- **EXERCISE DIRECTIONS**
A verbatim repeat of the lines below is required, with the pictures removed.
++++++++++
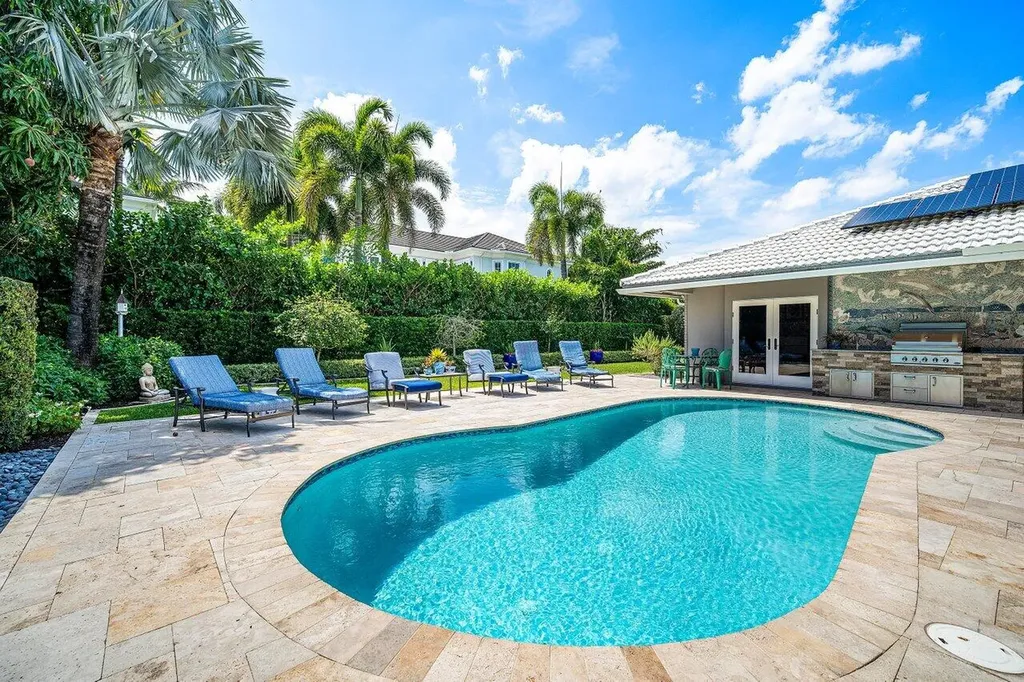 2177 Areca Palm Road Boca Raton FL 33432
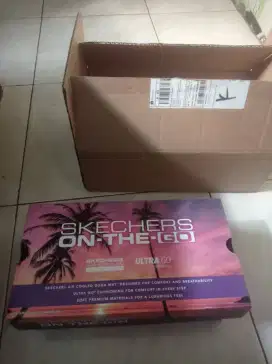 Skechers On The Go Ultra Go, Hitam, Size 39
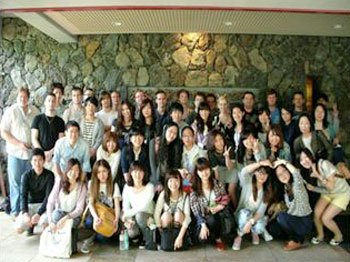 Group photo in front of the Hosei University Fuji Seminar House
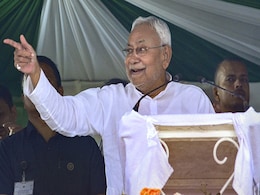 बिहार में जहरीली शराब से रुक नहीं रहीं मौतें, क्या अब शराबबंदी हटाने का वक्त आ गया? बिहार में जहरीली शराब से रुक नहीं रहीं मौतें, क्या अब शराबबंदी हटाने का वक्त आ गया?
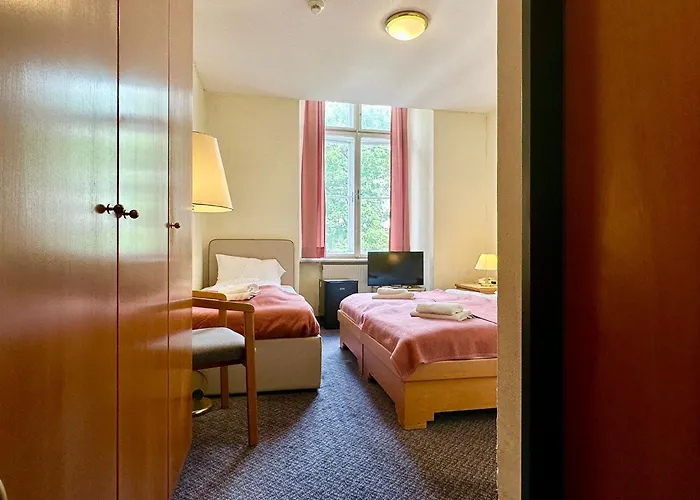 Hotel Very Apartments, 5 Min To Center, No Reception Wenen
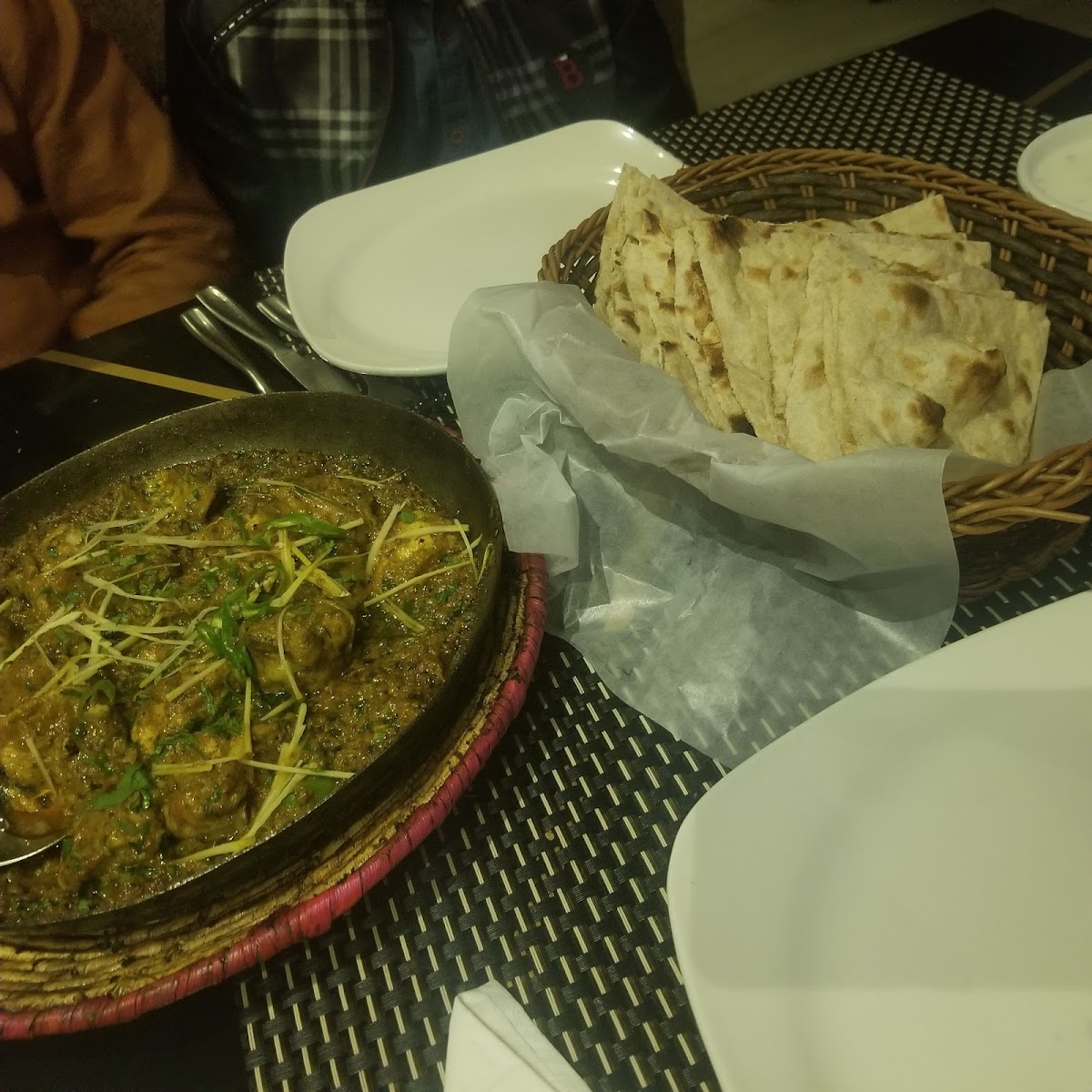 Taboosh Majestic Dining - Photo 6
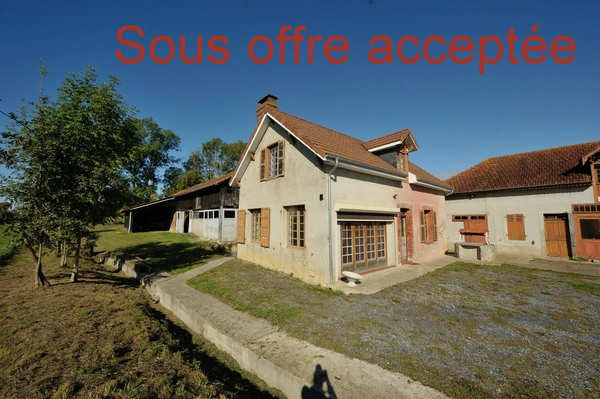 Maison à vendre 4 pièces + dépendances + 1 hectare BOUEILH BOUEILHO LASQUE (64)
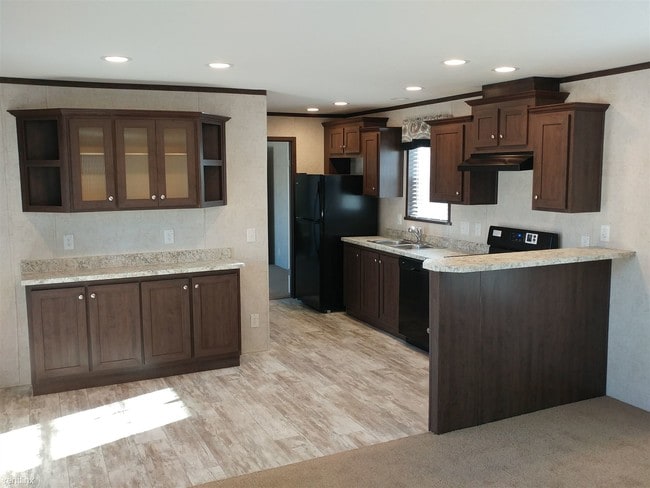 Building Photo - 3 br, 2 bath Mobile Home - 120 Big Chief Dr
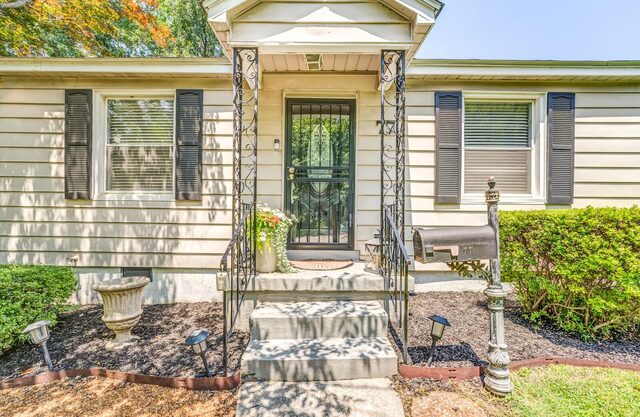 77 Humes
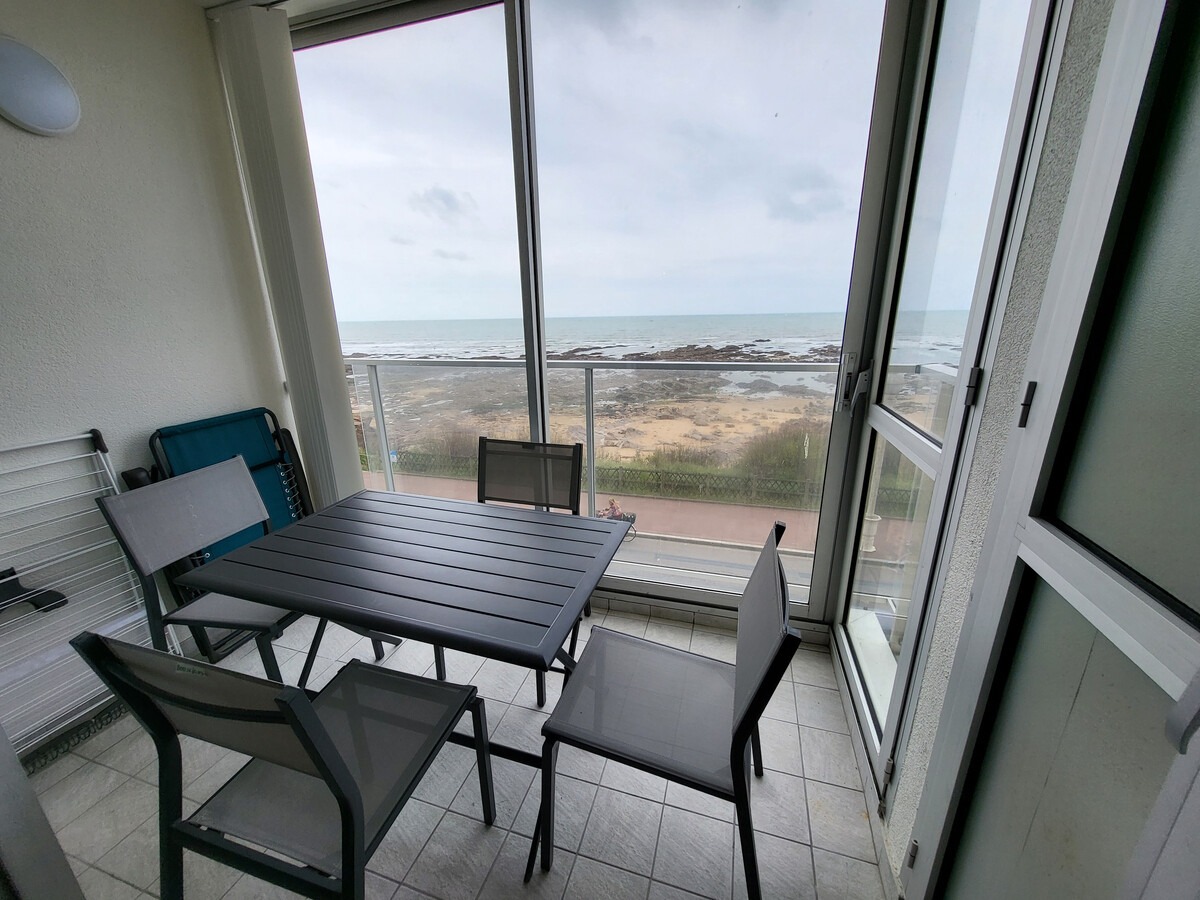 T2 loggia vue mer plein sud, parking à 300m plage - Photo 2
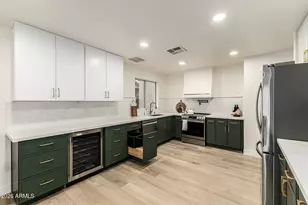 2905 E Glenhaven Dr, Phoenix, AZ 85048 - Photo 14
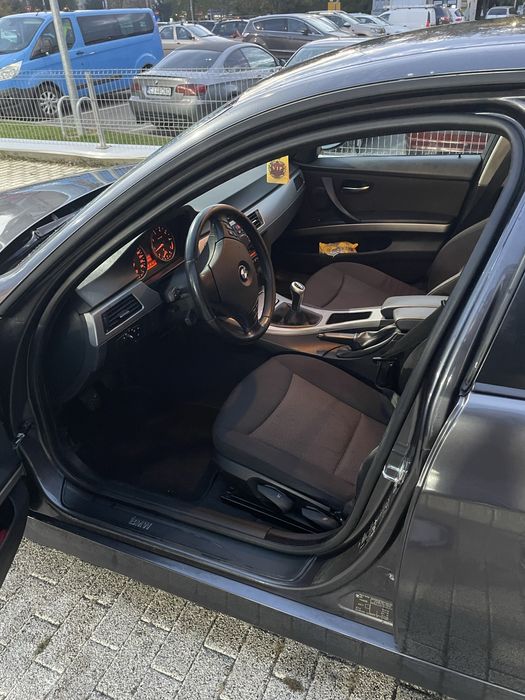 Vand BMW E 90 2.0 benzina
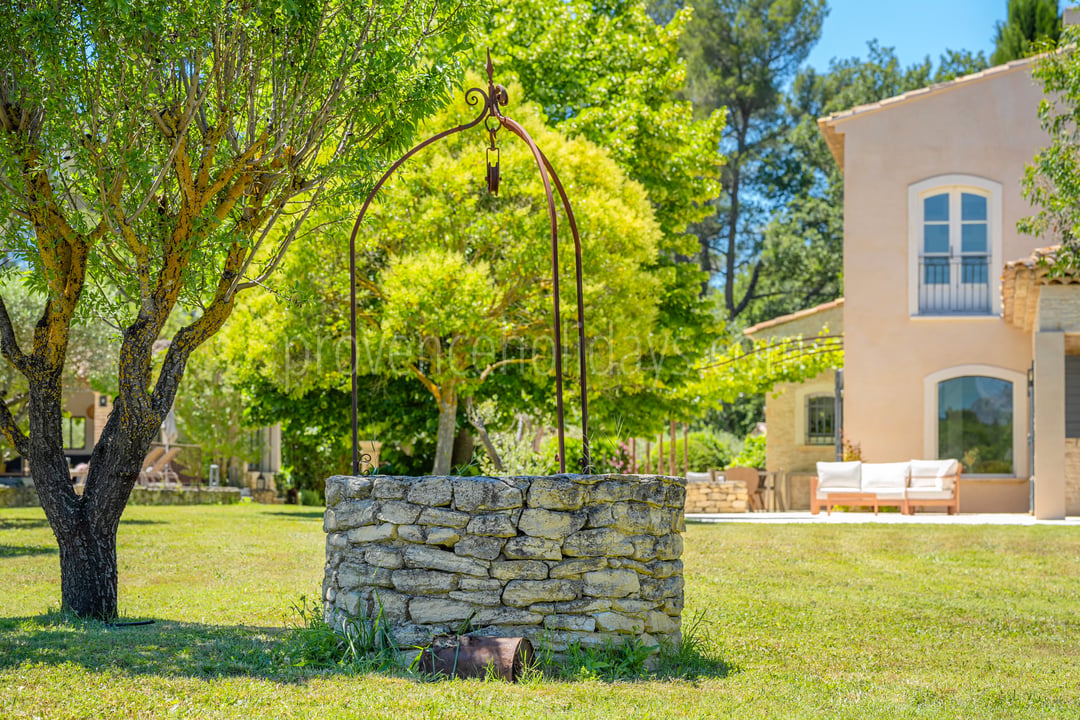 105 - Horizon Sainte-Victoire: Villa: Exterior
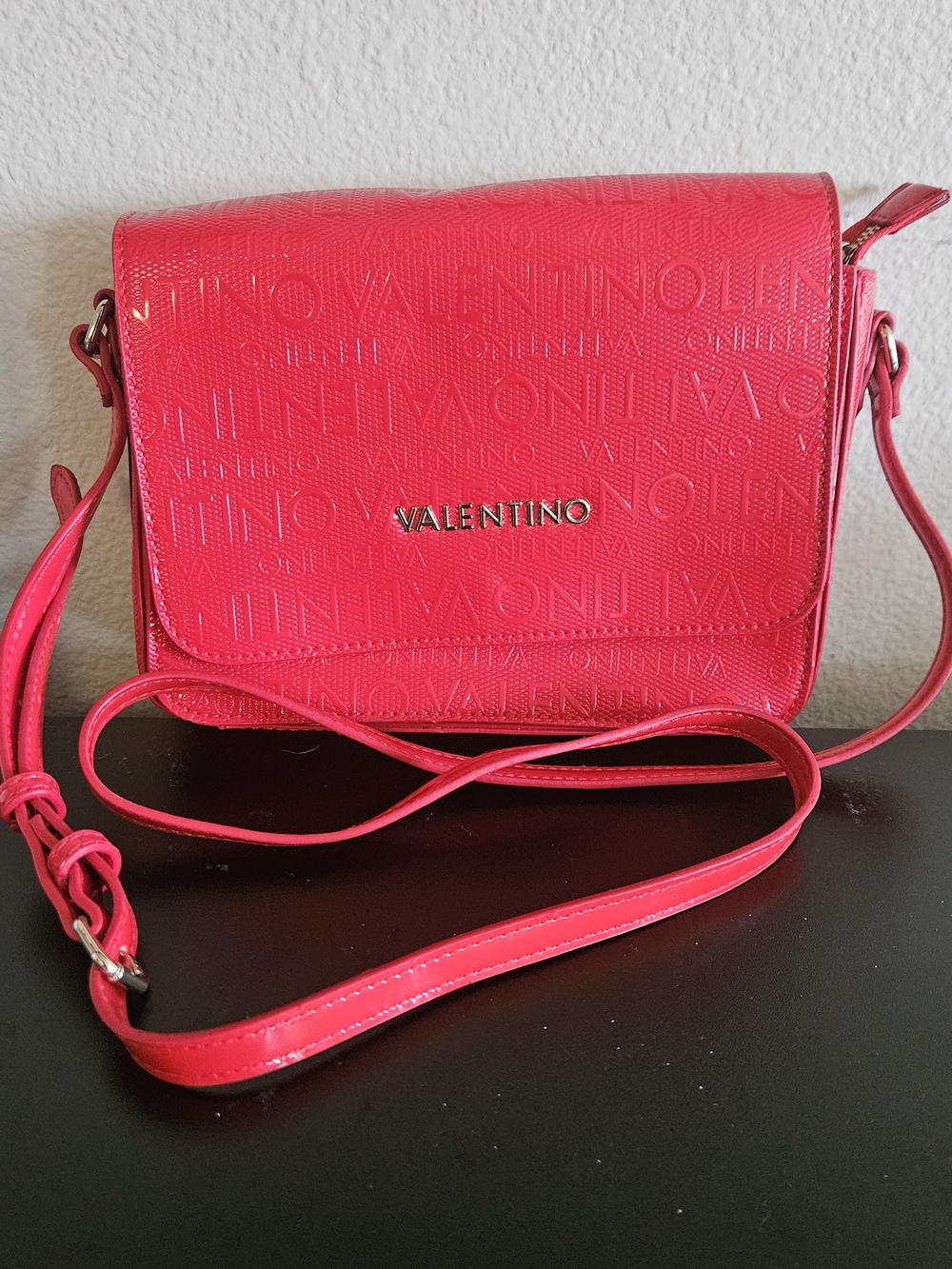 Mario Valentino Serenity Rosso (VBS1OM05)  NWT Unattached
++++++++++
- **SOLUTION FOR THIS PROBLEM**
 2177 Areca Palm Road Boca Raton FL 33432
 Skechers On The Go Ultra Go, Hitam, Size 39
 Group photo in front of the Hosei University Fuji Seminar House
 बिहार में जहरीली शराब से रुक नहीं रहीं मौतें, क्या अब शराबबंदी हटाने का वक्त आ गया? बिहार में जहरीली शराब से रुक नहीं रहीं मौतें, क्या अब शराबबंदी हटाने का वक्त आ गया?
 Hotel Very Apartments, 5 Min To Center, No Reception Wenen
 Taboosh Majestic Dining - Photo 6
 Maison à vendre 4 pièces + dépendances + 1 hectare BOUEILH BOUEILHO LASQUE (64)
 Building Photo - 3 br, 2 bath Mobile Home - 120 Big Chief Dr
 77 Humes
 T2 loggia vue mer plein sud, parking à 300m plage - Photo 2
 2905 E Glenhaven Dr, Phoenix, AZ 85048 - Photo 14
 Vand BMW E 90 2.0 benzina
 105 - Horizon Sainte-Victoire: Villa: Exterior
 Mario Valentino Serenity Rosso (VBS1OM05)  NWT Unattached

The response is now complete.